26日早朝から根岸先生の計らいでモンゴルの国会議事堂を訪問して、オユン副議長に面会。その後ガンダン寺を訪問して、ハンバラマ管長とエンフバヤル前首相に面会。ここで壱岐国ルネッサンスのポスター「元寇の役」をシンボライズした長岡秀星作の原画をプレゼントしました。日本とモンゴル国の友好の証として、永遠にその心を伝えたいことを念願して、壱岐出身の竹富氏からハンバラマ管長と前首相に手渡されました。通訳は壱岐でもお世話になったニンジンさんと元モンゴル国駐日大使のフレール・バートル氏。取り急ぎ訪問の趣旨報告を行いました。午後から、かってのモンゴル帝国の首都カラコルムへ向けジープで出発。モンゴル特有の大草原と真っ直ぐにのびた一本道は雄大そのものですが、穴ぼこだらけの路面と途中道路の補修で走行できず、やむなくオフロードを飛ばして約8時間の行程で、かなりハードでした。その夜は、モンゴル名物のゲルにて宿泊。

27日早朝はハラホリン=カラコルムの町と大仏教寺院エルデニ・ゾー及びラブラン寺を見学。その後は乗馬などを楽しみました。午後はカラコルム大学を訪問。今回入江世話人代表はカラコルム大学の客員教授に就任され、日本語を学ぶ学生を前にスピーチと初めての講義をされました。昼食は我々とカラコルム大学学長と学生による会食で和やかに交換パーティが行われました。午後4時ごろウランバートルに向け出発。ゲストハウス到着は夜中の0時過ぎでした。

 28日はいよいよ鎮魂祭です。東山住職と川原住職はそれぞれ正装をされてガンダン寺境内の特設ステージへ。モンゴルのフレール・バートル氏の司会エンフバヤル前首相の挨拶の後入江代表の挨拶が終わり、日本側の読経が始まりました。続いてモンゴル側の読経が始まり式典は約2時間で終了。ここに集まった多くの人達は静粛に聞き入り、また、お布施をそれぞれの僧侶の前に差し出し、彼らの厚い信仰心がうかがわれました。その間、モンゴルのテレビ局や各新聞社の取材に入江代表は大忙しでした。夕食のディナーはガンダン寺の迎賓館「特設ゲル」においてウエルカムパーティーが催され、馬頭琴やホーミーなどとモンゴル料理を一同堪能しました。

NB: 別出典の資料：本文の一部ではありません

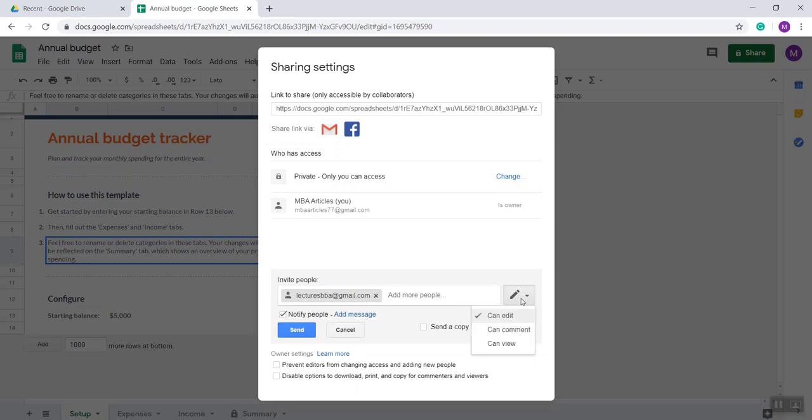Click here. It's up to you. If you select 'Can edit', that means your team member can edit the file. If you select 'Can comment', your team member can see the full spreadsheet and can comment, but...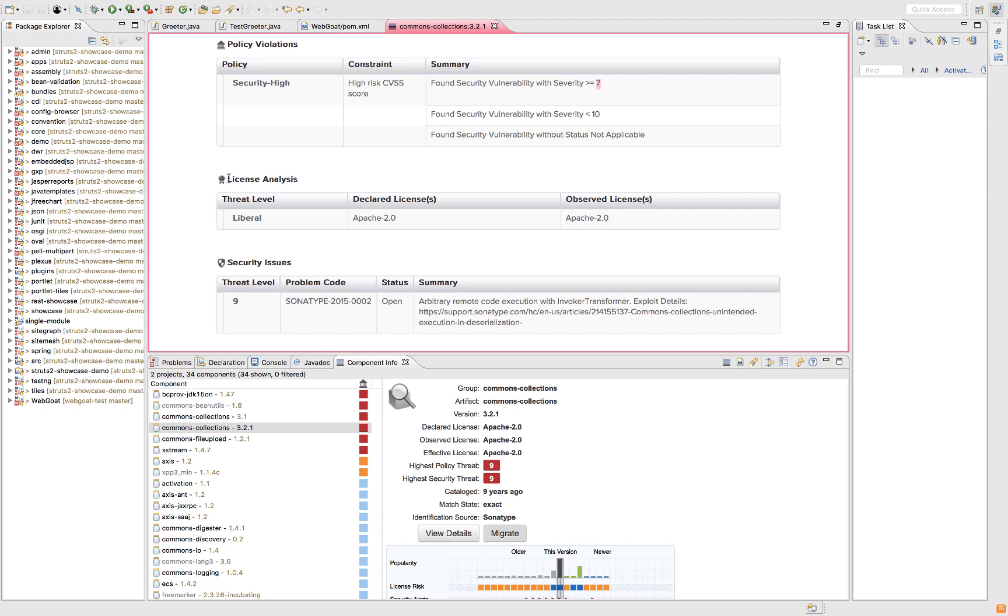I have information around licensing, so you can see here it's liberal. But when I look at security issues, remote code execution. Now you're speaking a language that I, the developer, understand. And I know I don't want to use a component that leaves me at risk of this. So how do I fix it?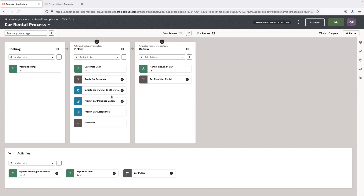The car can also be transferred to a different rental car location if the drop-off point is different. Finally, we have the return stage, where the user handles the return of the car at the drop-off location. We also have global activities — tasks available to the end user at any point in time. For example, during the lifecycle of a rental agreement, you can report an incident or update your booking to extend your reservation.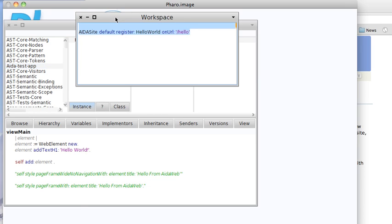So what we have to do is go to a workspace or something similar, grab AIDAsideDefault, and register our application, Hello World, the class, on some URL: Hello. So I've already done this, and that's almost enough to get things working.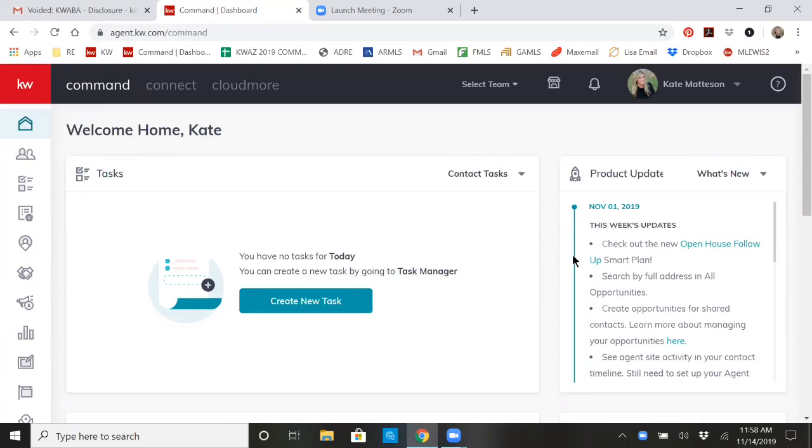Yes, I said it, templated forms through our Market Center. So first things first, you're going to log into agent.kw.com and go to Command.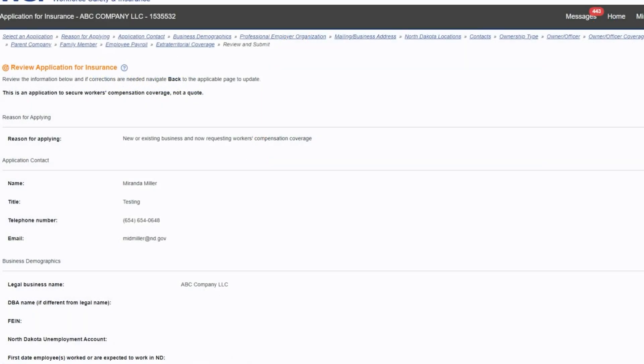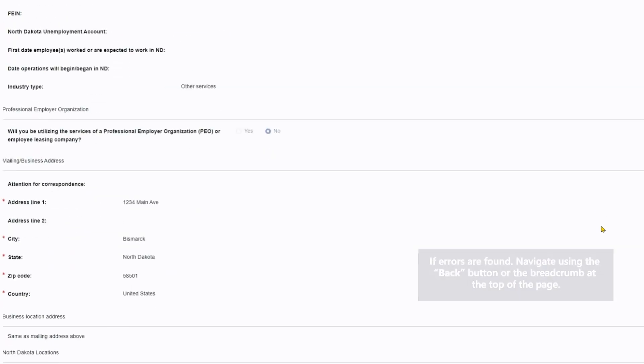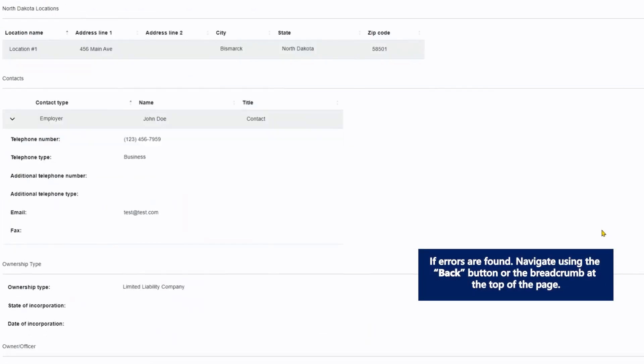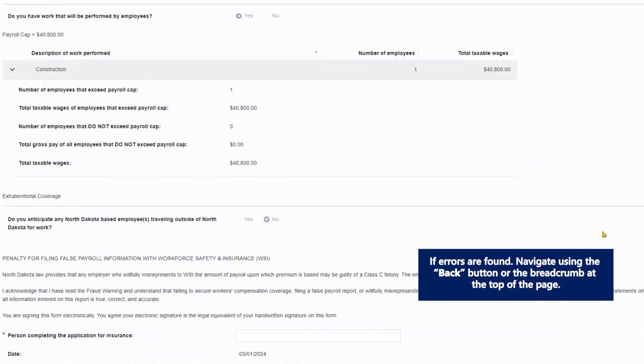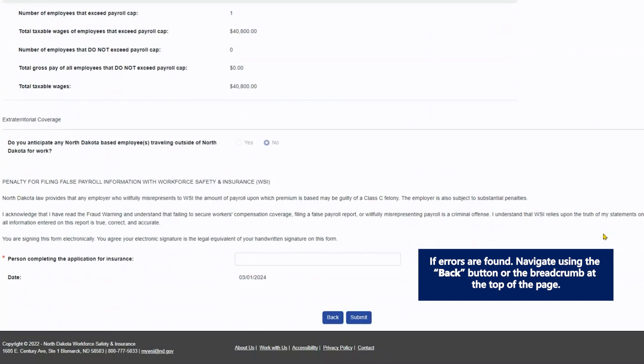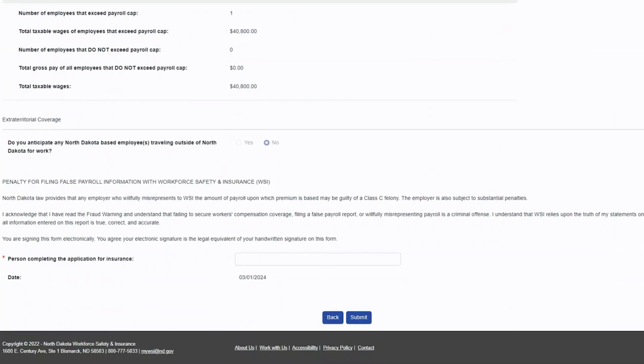Review all information as entered on the application for insurance. If errors are found, you can navigate back to the applicable page using the back button or the breadcrumb.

 29日はガンダン寺を再度訪問して、ガンダン寺の副管長と仏教大学副学長のご案内で寺をお参りさせていただきました。ガンダン寺の高さ25メートルの金色に輝く大観音像は有名で、見事なお姿でございます。また、子どもたちの読経が爽やかに聞こえました。午後は根岸先生が支援・活動されている孤児院に立寄り、彼らと一時を過ごしました。彼らの必要なものをプレゼントし、特に自転車は子どもたちに大変喜ばれました。お返しに子どもたちから日本の歌「ふるさと」とモンゴルの歌を合唱してもらい、彼らの特技も披露してくれました。彼らの笑顔と輝く目を見つめて、我々は感動で言葉もありませんでした。

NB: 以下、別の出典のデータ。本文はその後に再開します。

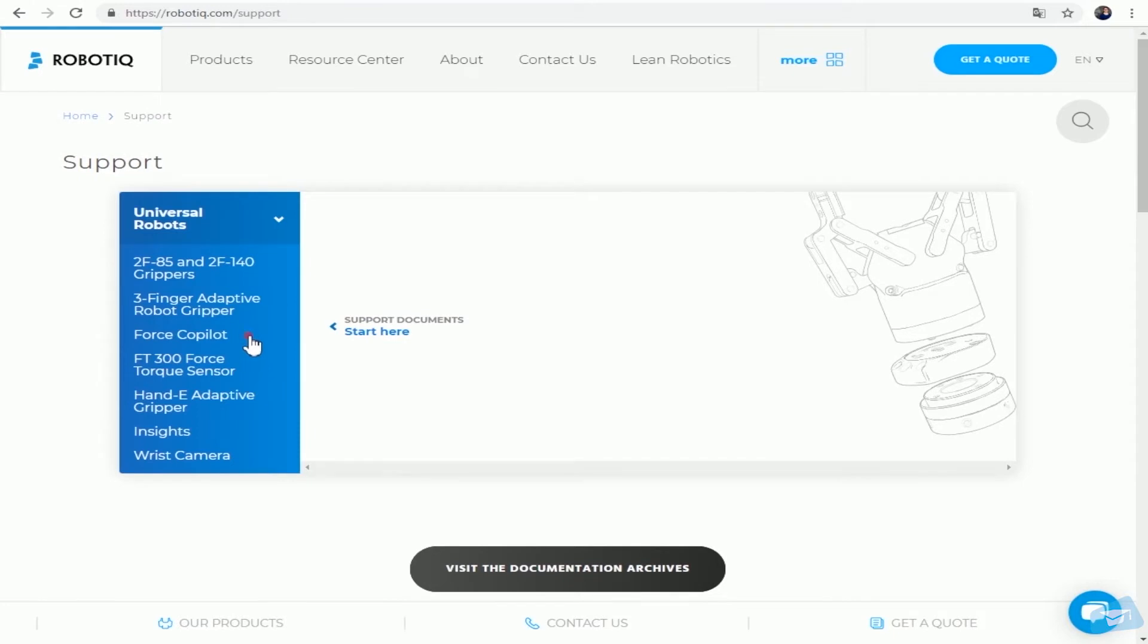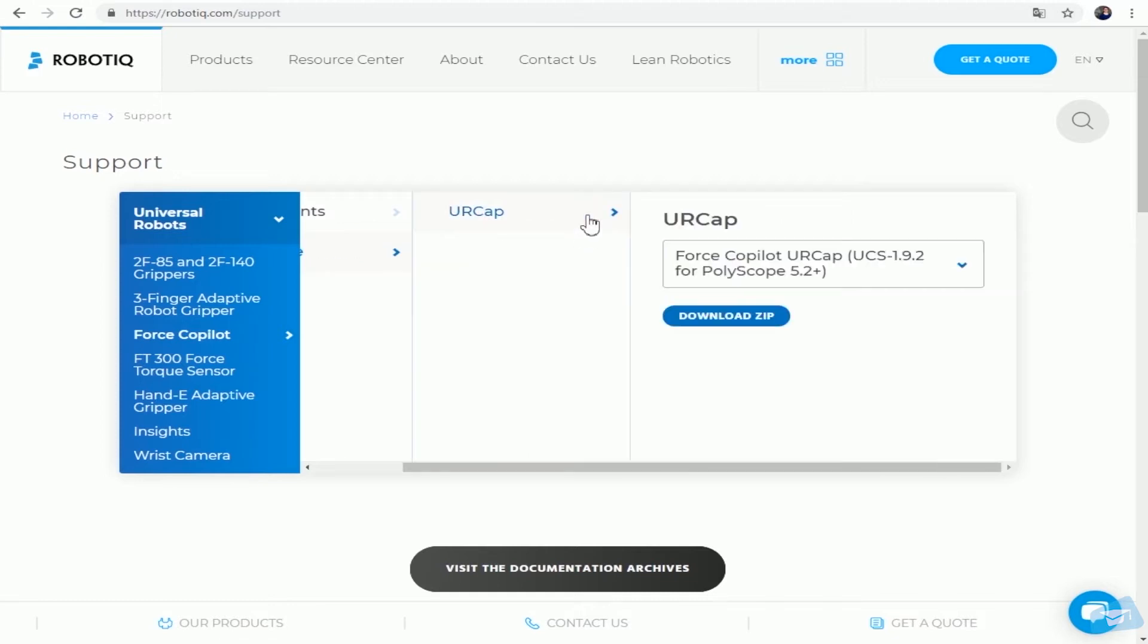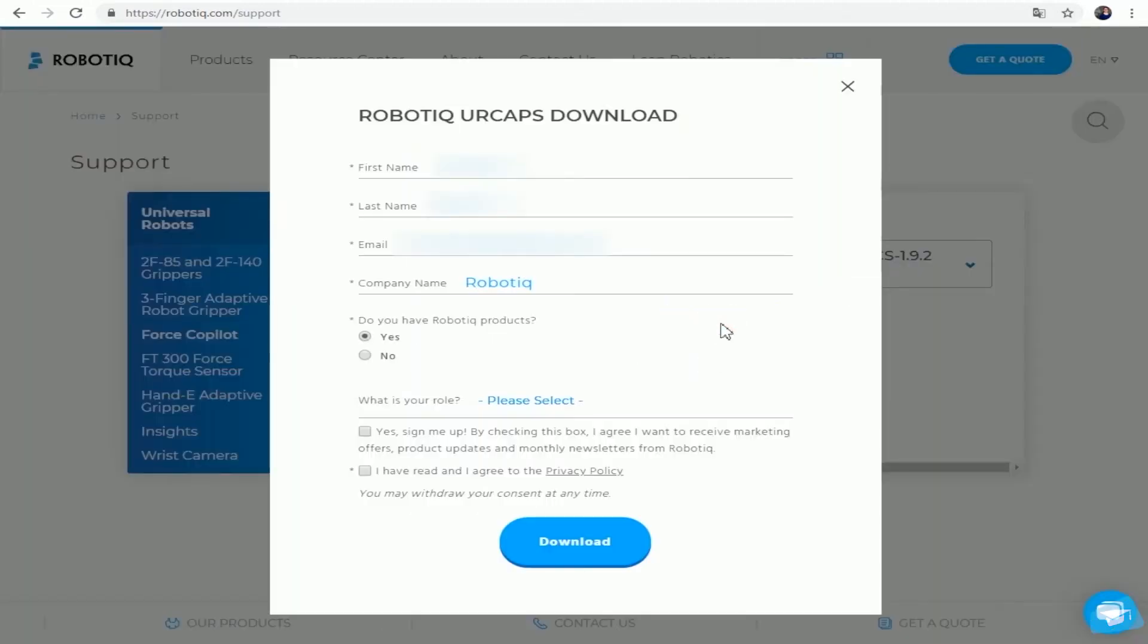Select your product, then Software, then UR Cap, and Download Zip. Fill in the Robotiq UR Caps download form and then press the Download button.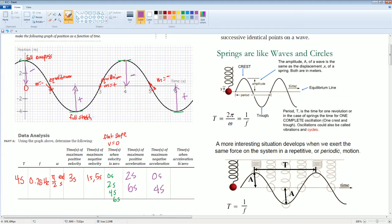The time when acceleration equals zero — look at when it's not going anywhere. That point is at one second, also when it was at three seconds, and also at five seconds.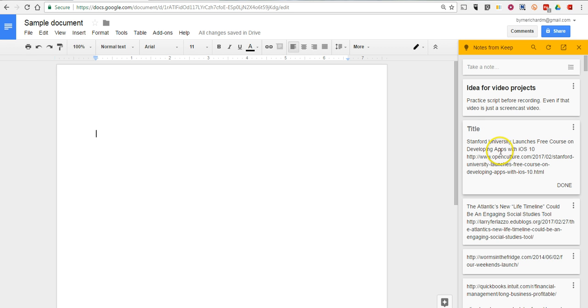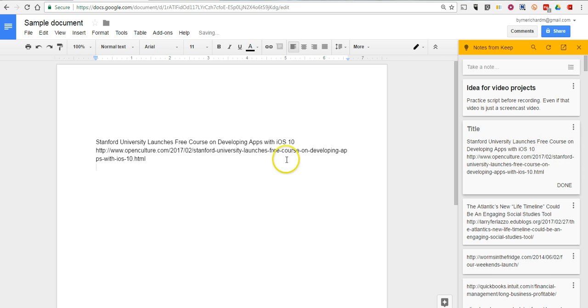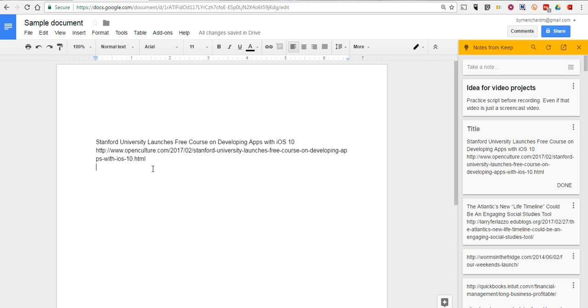Now the neat thing about this is, if you've used Google Keep for bookmarking, you can go and say I want to add document, and now you have that link added into your document along with the title of the link itself, which could be really handy when your students are trying to create bibliographies or work cited pages after doing a lot of research.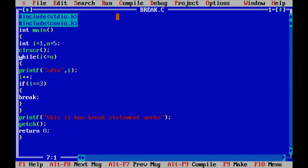Not only within loops — in switch case also we can use the break statement, where it will terminate that particular case. In a later video, I will explain switch case and how to use the break statement within switch case as well. Thank you.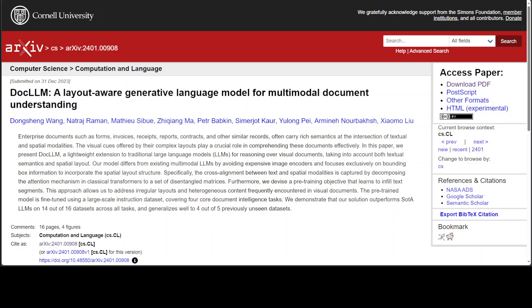JP Morgan has announced the launch of Doc LLM. Doc LLM is a Gen AI model designed for multi-modal document understanding. Doc LLM really stands out from the competition because it is a lightweight extension to other large language models for analyzing enterprise documents, which could be your own custom forms, invoices, reports, contracts, or any other sort of document which your company deals in.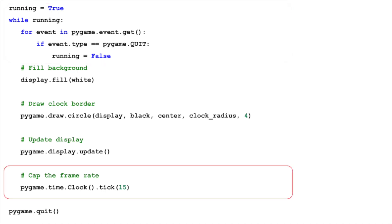Now, let's talk about the frame rate. Frame rate, measured in frames per second, dictates how often our screen updates. For our clock, we've chosen a modest rate of 15 FPS, which is more than sufficient for a clock where changes occur only once per second.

次いで日本人墓地へ行き供養を行いましたが、近くの1765年創建(ウランバートル建設は1778年)のダンブダルジャ寺では第二次世界大戦でソ連の捕虜になって、この地で強制労働を強いられて亡くなった日本兵の慰霊祭を5年前(自由化)から秋の月(旧15日)にしていただいているそうです。94歳になるダシェレンチェン住職が「ここだけが日本人捕虜の慰霊をしています」と淡々と語られるお姿はまさに活仏そのもので、我々の訪問を大変喜んで手厚くもてなしていただきました。師は「この歴史の現実を皆さんの敵味方鎮魂慰霊の心と一緒に世界に広げたい。若い僧たちはインターネットで発信したいと言っている。」と言われ、お傍に仕える若い僧侶の凛々しさにも我々は心を打たれました。

その夜は、我々による韓国料理店でのフェアウエルパーティーを開催。ガンダン寺の若い僧侶をはじめ関係者60人以上が集い盛大に催されました。入江代表の謝辞で「ローマ法王や世界の宗教家や識者による、世界平和祈願は数多く全世界で行われているが、一向に平和は見えてこない。お釈迦様のいわれる『怨みは、怨みによって決して静まるものではない。だが、(怨みは)怨みなくしてこそ静まる。これは永遠の理法である』(法句経・ダンマパダ)。という言葉の通り、戦争などで悲惨な死を遂げた兵士や一般の人々の霊を慰め、敵味方の双方を鎮魂することが大切で、このことにより全世界の地球平和祈願が訪れるのです。その意味で今回のノモンハン事件=ハルハ河戦争鎮魂地球平和祈願は大きな意味がありました」。との言葉は感動的でした。モンゴルの人達にも感動を持って、今回の式典は受け入れられました。終始なごやかに時は流れ、最後の閉めは、フレール・バートル氏と関口が日本式のサン・サン・ナナ拍子の手打ちを行い、参加者全員の手拍子で閉めました。

 30日の午前中はウランバートルの中央市場の見学をして、6時間遅れの便で成田に帰国。帰りの便は31日の朝青龍の日本での結婚式がある為でしょうか、馬頭琴の一団なども一緒に乗り込み全席満員でした。